7.9 KiB
Mosaic Stack ↔ Hermes Coordination Resilience
Purpose: document the self-healing coordination patterns that emerged while implementing the Hermes mission toolset, distress-card protocol, and auto-heal watchers, so the same mechanics can be reimplemented in Mosaic Stack or any similar agent platform.
Summary
The coordination layer should be treated as a system of mechanical recovery loops rather than a single interactive agent session.
SIBKISS operational summary
- mission on
- heartbeat always
- resume from packet
- block with
[BLOCKED] - reassign
- keep tasks tiny
- auto-heal dead workers
The design has four parts:
- Atomic task decomposition — workers operate only within a small, explicit scope.
- Distress signaling — workers create a standardized
[BLOCKED]card when they encounter a blocker outside their scope. - Mechanical fallback — if the worker cannot phone home because of rate limits or dead context, a cron-style watcher synthesizes the distress card for them.
- Auto-heal / reassignment — stale workers are reaped, crash-loops are reset, and rate-limited work is reassigned to a different profile/provider.
Why this exists
Observed failure modes:
- Scope creep: a worker completes the target fix, then spends the rest of its budget chasing downstream cascade work.
- Silent failure / dead worker: the worker PID is gone, but the task remains running or blocked.
- Rate-limited worker: the worker is too constrained to create a help card itself, so it spins or fails without a clean handoff.
The answer is not to raise iteration caps or ask the worker to keep trying longer.

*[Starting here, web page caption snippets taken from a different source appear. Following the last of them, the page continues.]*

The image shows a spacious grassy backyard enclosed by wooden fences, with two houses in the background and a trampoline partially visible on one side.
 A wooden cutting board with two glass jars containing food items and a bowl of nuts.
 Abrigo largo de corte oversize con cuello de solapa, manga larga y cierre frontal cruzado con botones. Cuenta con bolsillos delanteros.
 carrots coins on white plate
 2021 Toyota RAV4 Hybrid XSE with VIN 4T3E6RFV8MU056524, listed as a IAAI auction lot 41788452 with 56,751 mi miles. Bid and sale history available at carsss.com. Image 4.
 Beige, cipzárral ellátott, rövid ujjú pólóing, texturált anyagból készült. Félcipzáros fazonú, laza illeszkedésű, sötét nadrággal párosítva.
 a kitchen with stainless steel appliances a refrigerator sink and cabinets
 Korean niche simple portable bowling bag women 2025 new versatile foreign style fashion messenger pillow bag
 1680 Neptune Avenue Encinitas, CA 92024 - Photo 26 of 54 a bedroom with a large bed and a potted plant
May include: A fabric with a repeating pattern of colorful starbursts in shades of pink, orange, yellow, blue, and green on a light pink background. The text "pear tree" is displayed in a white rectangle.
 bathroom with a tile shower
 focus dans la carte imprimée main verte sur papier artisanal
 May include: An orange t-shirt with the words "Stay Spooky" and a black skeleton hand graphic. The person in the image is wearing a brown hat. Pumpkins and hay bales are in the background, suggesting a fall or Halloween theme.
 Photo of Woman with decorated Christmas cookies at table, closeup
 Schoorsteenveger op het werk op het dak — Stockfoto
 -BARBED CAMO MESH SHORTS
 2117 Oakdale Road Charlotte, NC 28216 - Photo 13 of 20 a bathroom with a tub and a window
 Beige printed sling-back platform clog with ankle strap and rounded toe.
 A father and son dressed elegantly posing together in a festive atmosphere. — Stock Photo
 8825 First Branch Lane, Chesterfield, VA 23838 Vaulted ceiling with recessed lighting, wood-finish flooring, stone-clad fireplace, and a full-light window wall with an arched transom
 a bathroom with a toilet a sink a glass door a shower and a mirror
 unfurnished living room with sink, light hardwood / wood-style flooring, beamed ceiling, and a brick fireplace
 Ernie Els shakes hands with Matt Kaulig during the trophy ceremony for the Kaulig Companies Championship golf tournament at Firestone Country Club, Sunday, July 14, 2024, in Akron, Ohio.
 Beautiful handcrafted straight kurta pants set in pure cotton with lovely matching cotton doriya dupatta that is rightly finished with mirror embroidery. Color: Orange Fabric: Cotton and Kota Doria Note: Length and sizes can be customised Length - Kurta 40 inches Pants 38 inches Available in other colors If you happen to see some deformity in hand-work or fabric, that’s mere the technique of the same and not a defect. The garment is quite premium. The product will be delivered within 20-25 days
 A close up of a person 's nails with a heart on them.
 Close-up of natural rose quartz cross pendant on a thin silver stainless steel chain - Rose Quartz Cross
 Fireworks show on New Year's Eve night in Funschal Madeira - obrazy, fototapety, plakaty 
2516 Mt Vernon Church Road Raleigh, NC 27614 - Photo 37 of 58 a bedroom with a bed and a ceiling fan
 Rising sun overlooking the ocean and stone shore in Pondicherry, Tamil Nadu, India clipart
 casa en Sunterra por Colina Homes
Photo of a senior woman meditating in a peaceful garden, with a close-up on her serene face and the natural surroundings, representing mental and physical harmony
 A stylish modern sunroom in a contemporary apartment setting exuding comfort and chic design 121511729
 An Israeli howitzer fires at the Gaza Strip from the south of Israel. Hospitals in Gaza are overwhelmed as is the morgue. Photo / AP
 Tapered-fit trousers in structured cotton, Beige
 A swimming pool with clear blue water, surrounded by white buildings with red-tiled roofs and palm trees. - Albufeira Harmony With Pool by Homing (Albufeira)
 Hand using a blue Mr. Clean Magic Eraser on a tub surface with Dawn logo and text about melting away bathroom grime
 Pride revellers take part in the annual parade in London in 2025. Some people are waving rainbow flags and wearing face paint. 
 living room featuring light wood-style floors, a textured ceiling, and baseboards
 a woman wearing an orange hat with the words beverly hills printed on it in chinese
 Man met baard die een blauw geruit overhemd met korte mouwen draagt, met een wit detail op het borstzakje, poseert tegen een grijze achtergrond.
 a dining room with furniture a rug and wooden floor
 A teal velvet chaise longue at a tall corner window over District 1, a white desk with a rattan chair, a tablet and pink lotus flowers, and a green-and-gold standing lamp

The answer is to make the coordination layer self-healing and the work items atomic.
Core workflow
1) Atomic task boundaries
Every task should have:
- one concern
- explicit files/packages in scope
- explicit files/packages out of scope
- a maximum file count if possible
- a stated expected iteration budget
When a worker discovers work outside scope, it must stop fixing it and hand off.
2) Worker-authored distress card
If the worker can still report status, it creates a card like:
- Title:
[BLOCKED] t_<source_id> <blocker_type> - Assignee:
tuesday/ orchestrator role - Status:
ready - Body: standardized distress template with source task, blocker type, completed work, cannot-touch scope, and needed action
The orchestrator receives the card, acts on it, and closes the loop.
Routing rules
Distress card routing
- Title:
[BLOCKED] t_<source_id> <blocker_type> - Assignee:
tuesday/ orchestrator role - Status:
ready - Body: standardized distress template with source task, blocker type, completed work, cannot-touch scope, and needed action
- Source task stays linked to the distress card so the recovery trail is auditable
The orchestrator receives the card, acts on it, and closes the loop.
3) Mechanical fallback for rate-limited workers
If the worker is too rate-limited or unstable to create the distress card itself, a no-agent watcher must synthesize the card from the task row and failure metadata.
That watcher should:
- inspect running / blocked tasks
- detect repeated 429 / 503 / overload errors
- create the same standardized
[BLOCKED]card on behalf of the worker - link the distress card to the source task
- add a comment to the source task
- allow the dispatcher to pick up the new card immediately
This is the key fix for the logic issue: the worker does not need to be able to phone home if the watcher can do it mechanically.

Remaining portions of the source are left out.